Measuring the Power of Virtual Reality Immersion [A Case Study]

In the 1980’s, VR (or virtual reality) was promised to be the next big thing. Now technology has improved and become smaller, faster, and cheaper, VR has actually become the next big thing.

Since Facebook acquired Oculus (a VR hardware producer) for $2.3 Billion in 2014, it has been clear that VR will actually stick around this time. With such a strong backing, and great technological leaps, it’s now a device that everyone wants to get a part of.

There is a rapidly increasing interest and use of VR, with new applications emerging at a similar rate. Whether it’s being used for gaming, education, psychological treatment, or medical training, the immersion offered by the device has been critical to its success. Each new field of use is finding that a portable and immersive experience can be an incredibly powerful thing.

Immersion

But just how immersive is the experience? With such unfathomable sums of money, and so many fields of use involved, there is a great need to quantify and substantiate the claims made by manufacturers and producers who promise the absorbing experience of VR.

This is something that biosensors are fully equipped to take on, both in terms of ease of use, and depth of information. Non-invasive sensors can unobtrusively record physiological information from a participant without causing distraction or discomfort. Such sensors also don’t place any cognitive load on participants, helping them have an effortless experience.

vr gsr eeg experiment immersion

But which biosensors should we use? For the following experiment we chose EEG (electroencephalography, a measure of brain activity), and GSR (galvanic skin response, a measure of electrical activity across the skin). We can see one of our participants in the image above, wearing a VR headset, EEG headset, and a GSR device.

With both of these sensors combined, synchronized and used within iMotions, we can get a robust measurement of the level of physiological arousal that someone is experiencing, and understand how their brain responds too (more about these measures below).

Facial expression analysis would be to put into the mix, but is of course rather difficult to perform with half the face obscured by the VR device, a way around this would be to include fEMG that measure muscle activity through electrodes.

Starting the Test

To test how someone responds to the VR experience, we threw our willing participants (and me) onto a virtual roller coaster, with both a screen-based and VR setup (and thankfully for me, not a real-life setup, although that certainly would have had an impact).

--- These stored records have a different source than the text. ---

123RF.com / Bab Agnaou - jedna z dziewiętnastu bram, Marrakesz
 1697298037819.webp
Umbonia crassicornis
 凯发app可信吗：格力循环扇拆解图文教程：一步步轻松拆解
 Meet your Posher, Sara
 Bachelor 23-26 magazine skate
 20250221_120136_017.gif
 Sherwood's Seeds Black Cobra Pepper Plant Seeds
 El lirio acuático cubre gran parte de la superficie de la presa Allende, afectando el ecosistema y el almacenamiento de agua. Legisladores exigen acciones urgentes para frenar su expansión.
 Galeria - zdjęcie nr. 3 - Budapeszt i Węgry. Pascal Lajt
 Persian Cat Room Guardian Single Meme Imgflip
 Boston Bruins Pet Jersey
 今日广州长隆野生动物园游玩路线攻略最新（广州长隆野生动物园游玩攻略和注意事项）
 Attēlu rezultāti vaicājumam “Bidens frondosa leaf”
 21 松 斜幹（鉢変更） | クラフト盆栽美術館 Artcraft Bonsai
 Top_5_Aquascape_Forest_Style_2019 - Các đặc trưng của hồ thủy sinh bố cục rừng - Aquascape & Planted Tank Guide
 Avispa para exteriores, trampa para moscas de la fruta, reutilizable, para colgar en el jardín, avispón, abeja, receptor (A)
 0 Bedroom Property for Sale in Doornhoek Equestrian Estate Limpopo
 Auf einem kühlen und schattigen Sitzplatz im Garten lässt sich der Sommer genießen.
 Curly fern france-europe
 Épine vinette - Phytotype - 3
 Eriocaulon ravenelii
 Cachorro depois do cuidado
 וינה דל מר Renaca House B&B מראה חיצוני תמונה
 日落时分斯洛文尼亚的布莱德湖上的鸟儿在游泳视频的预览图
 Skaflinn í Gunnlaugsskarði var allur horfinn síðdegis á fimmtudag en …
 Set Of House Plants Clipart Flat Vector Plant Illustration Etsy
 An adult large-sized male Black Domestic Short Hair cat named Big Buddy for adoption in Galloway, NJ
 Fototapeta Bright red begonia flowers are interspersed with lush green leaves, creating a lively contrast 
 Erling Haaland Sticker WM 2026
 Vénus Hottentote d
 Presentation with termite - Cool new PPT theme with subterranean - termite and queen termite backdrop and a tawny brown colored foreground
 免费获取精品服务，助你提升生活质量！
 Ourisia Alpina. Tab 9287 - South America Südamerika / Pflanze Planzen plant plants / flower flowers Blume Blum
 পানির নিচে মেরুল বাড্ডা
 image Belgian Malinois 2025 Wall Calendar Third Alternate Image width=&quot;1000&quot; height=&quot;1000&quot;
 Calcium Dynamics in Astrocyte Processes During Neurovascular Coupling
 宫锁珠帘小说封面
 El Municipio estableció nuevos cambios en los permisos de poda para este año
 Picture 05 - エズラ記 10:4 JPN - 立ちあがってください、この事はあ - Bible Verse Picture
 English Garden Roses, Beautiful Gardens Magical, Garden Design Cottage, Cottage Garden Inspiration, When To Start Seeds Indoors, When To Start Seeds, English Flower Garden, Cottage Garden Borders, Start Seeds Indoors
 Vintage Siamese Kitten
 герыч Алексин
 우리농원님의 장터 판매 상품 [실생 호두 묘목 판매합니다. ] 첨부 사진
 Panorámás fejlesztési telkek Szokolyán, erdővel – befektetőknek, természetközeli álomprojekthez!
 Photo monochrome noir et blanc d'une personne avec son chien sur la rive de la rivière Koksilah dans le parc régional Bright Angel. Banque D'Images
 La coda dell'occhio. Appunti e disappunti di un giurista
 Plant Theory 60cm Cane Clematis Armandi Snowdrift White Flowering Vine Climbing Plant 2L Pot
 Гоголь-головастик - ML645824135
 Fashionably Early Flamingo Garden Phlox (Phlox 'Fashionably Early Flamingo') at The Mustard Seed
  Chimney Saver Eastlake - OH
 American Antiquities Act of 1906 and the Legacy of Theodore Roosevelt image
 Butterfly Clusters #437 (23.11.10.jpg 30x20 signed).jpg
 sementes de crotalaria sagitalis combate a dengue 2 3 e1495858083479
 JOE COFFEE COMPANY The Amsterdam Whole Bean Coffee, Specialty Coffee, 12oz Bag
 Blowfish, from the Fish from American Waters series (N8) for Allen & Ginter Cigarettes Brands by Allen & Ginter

Setting up the experiment is simply a matter of starting up iMotions, importing the video file, and getting strapped into the sensors – all in all it’s about as straightforward as getting onto a roller coaster, just without the queuing (although there is of course some benchmarking to be done before you can begin).

VR immersion psychology

Methods and Measures

The GSR device measures the electrical activity that occurs across the skin. When we think of our palms sweating when we’re nervous – they are. But it’s not just when we’re nervous, but when we are physiologically aroused by anything – if something creates intense feelings of stress or happiness, sadness or surprise, then our sweat glands increase in their activity too. As the sweat glands become more active, this also influences the level of electrical activity across the skin.

The intensity of emotions can be related to the level of GSR activity, although it can’t tell us which emotion is being experienced. While there is always a certain level of activity – we don’t switch on or off – there are peaks and troughs as the activity changes. It’s the peaks in particular are interesting, that pass a certain threshold, as they can simply be counted and give a number to quantify the level of GSR activity (an example of how the peaks look is shown below).

 gsr peaks number

EEG devices also measure electrical activity, but of the kind that occurs in the brain. Whenever we think, or do anything, and even when we don’t do anything, bursts of electrical activity are fired across the brain. This electrical activity isn’t just part of the brain – it essentially is the brain. EEG offers an insight into this by measuring the voltage changes that occur at the surface.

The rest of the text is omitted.